### Work order
All lines in the material below that contain "Lezhin" should be located and copied.

──────────────────────────────

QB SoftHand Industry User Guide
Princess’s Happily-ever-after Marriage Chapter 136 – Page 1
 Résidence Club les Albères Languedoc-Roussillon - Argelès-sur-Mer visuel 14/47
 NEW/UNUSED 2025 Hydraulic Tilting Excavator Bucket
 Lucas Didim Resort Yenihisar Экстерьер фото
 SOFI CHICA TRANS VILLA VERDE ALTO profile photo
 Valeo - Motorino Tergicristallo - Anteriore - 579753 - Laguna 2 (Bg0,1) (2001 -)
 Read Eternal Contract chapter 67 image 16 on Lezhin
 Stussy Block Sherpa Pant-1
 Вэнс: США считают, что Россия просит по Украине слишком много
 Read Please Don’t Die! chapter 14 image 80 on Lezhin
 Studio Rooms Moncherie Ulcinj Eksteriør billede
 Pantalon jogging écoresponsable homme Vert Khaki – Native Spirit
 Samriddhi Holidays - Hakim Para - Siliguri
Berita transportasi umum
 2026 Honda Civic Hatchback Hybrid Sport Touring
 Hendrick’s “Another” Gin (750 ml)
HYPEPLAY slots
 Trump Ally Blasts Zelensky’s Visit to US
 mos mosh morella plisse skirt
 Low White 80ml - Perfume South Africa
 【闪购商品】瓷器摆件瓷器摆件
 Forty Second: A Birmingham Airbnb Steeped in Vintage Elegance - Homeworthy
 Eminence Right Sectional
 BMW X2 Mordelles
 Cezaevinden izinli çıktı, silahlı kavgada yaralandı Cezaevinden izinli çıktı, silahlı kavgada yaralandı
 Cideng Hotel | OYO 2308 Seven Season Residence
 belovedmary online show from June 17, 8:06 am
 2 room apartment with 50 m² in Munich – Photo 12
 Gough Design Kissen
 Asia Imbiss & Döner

──────────────────────────────

### Task result
 Read Eternal Contract chapter 67 image 16 on Lezhin
 Read Please Don’t Die! chapter 14 image 80 on Lezhin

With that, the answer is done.